Common error categories:
- Authentication errors (e.g., expired or invalid tokens).
- IP whitelist violations.
- Signature verification failures.
- Rate limiting and quota exceeded.
- Permission and parameter errors.
Section sources
Rate Limiting, IP Whitelisting, and Quota Management
- Platform error codes indicate rate limit and too many requests conditions.
- IP whitelist errors require adding caller IPs to the allowlist.
- Implement client-side throttling and retries with exponential backoff.
- Monitor error counters and latency distributions for anomaly detection.
Section sources
Dependency Analysis
The application depends on Nacos for configuration, Google Wire for dependency injection, and the Jushuitan SDK helper for authentication and request signing.
Diagram sources
Section sources
Performance Considerations
- Tune HTTP client timeouts and connection pooling for predictable latency.
- Batch requests where possible and implement client-side rate limiting.

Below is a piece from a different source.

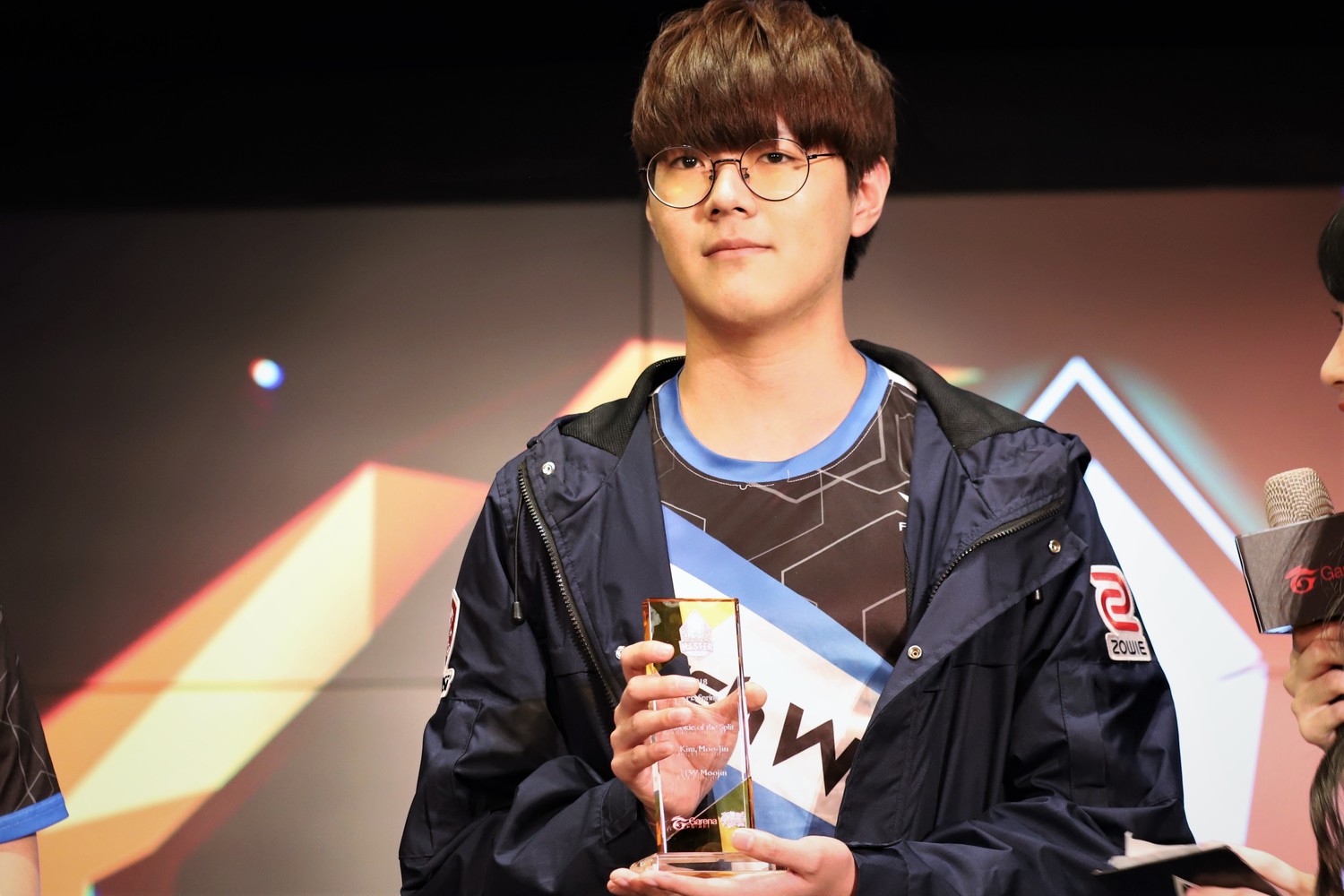 台灣職業電競隊伍閃電狼韓籍打野選手Moojin勇奪最佳打野與最佳新人獎。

- Use proactive token refresh to avoid last-minute failures during spikes.
- Monitor request latency and error rates to detect anomalies early.
Troubleshooting Guide
Common issues and resolutions:
- Authentication errors: Verify appKey/appSecret, ensure signatures match parameter ordering, and refresh tokens before expiry.
- IP whitelist errors: Add the caller’s IP to the allowlist.

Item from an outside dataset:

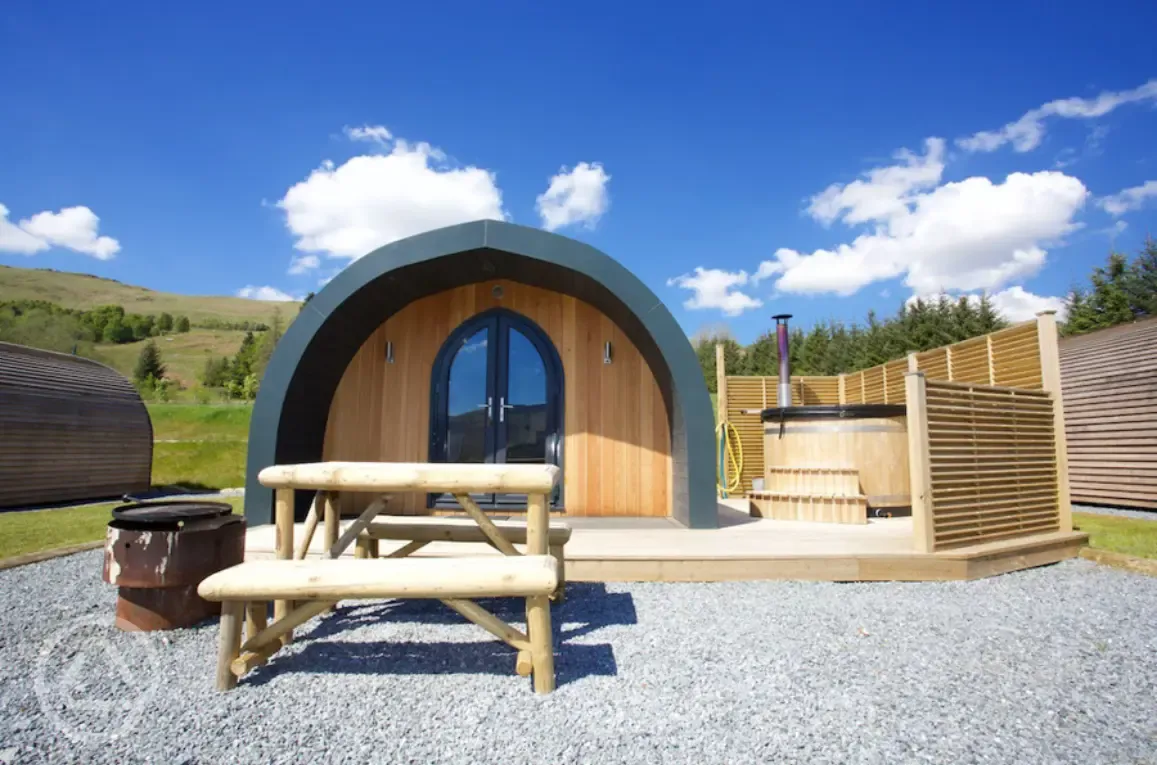 Superior ensuite glamping pod with a private wood fired hot tub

- Signature failures: Confirm charset, timestamp freshness, and absence of extra parameters.
- Rate limit errors: Reduce request frequency, implement backoff, and monitor counters.
- Network failures: Increase timeouts and add retry logic with jitter.
Audit and monitoring:
- Enable SDK logging to capture request/response envelopes and latency.
- Correlate logs with request IDs and timestamps.
- Alert on elevated error rates, repeated signature failures, or unusual IP patterns.
Section sources
Conclusion
The bi-api-jushuitan module implements a robust, signature-based authentication mechanism for the Jushuitan Open Platform, complemented by OAuth2-like authorization and refresh flows. By enforcing strict signature validation, managing tokens proactively, and logging all interactions, the system meets enterprise-grade security and operability requirements. Operators should integrate IP whitelisting, rate limiting, and continuous monitoring to maintain a secure and reliable integration.
Appendices
Secure Client Initialization Examples
- Initialize SDK client with appKey, appSecret, baseURL, and timeout.
- Set access token after successful authorization.
- Use structured logging for auditability.
Section sources
Security Best Practices
- Rotate appSecret and refresh tokens regularly.
- Store secrets in a secure vault and avoid embedding in code.
- Validate signatures deterministically and reject malformed requests.
- Enforce IP allowlisting and monitor unauthorized access attempts.
- Implement circuit breakers and retries with exponential backoff under rate limits.